_STORED DATA:_
--- START ---
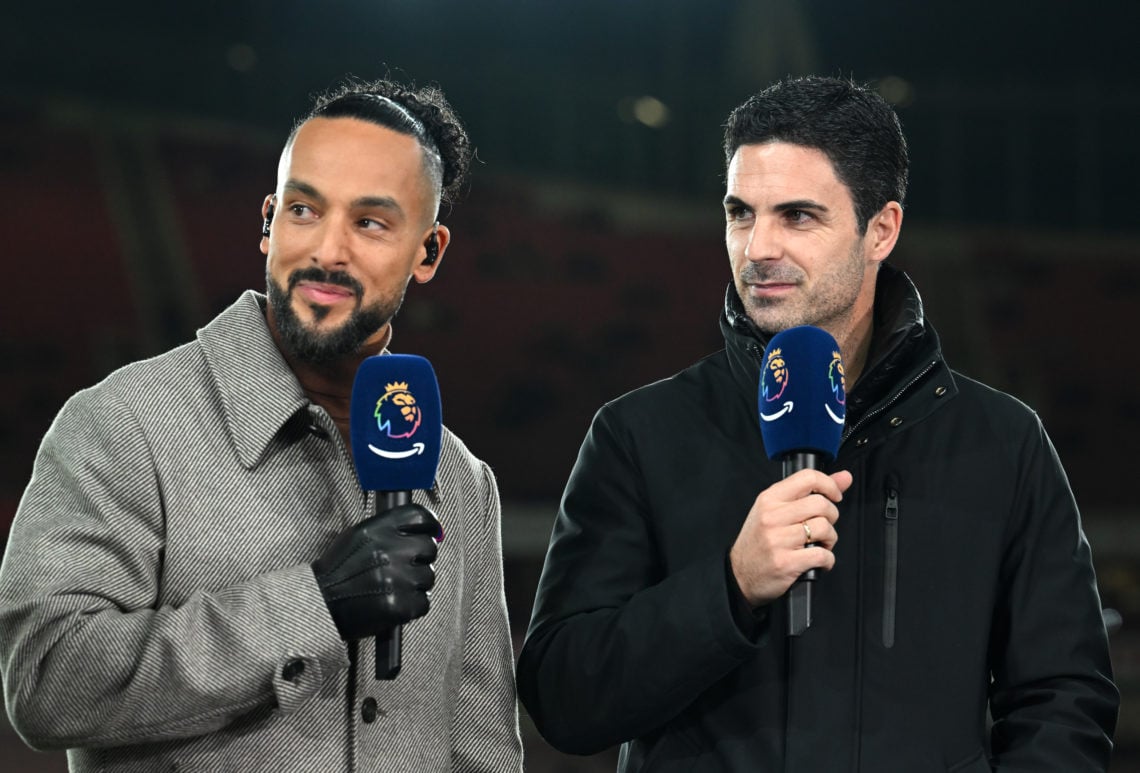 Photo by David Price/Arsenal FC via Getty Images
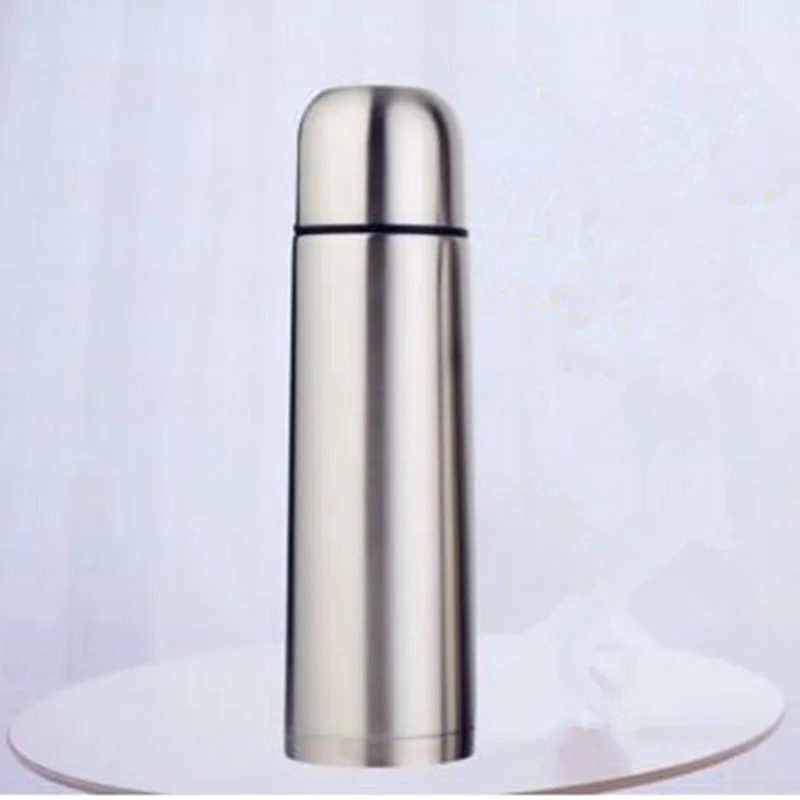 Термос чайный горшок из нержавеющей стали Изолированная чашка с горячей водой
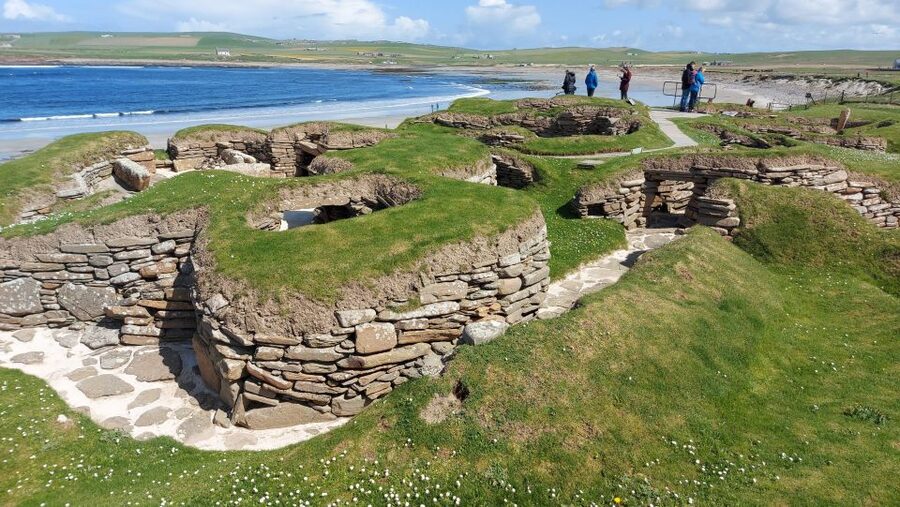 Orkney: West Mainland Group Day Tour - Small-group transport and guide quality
--- END ---
_REQUIRED WORK:_
The listing above must be restated word for word. Its pictures are to be left out.

_ANSWER BOX:_
 Photo by David Price/Arsenal FC via Getty Images
 Термос чайный горшок из нержавеющей стали Изолированная чашка с горячей водой
 Orkney: West Mainland Group Day Tour - Small-group transport and guide quality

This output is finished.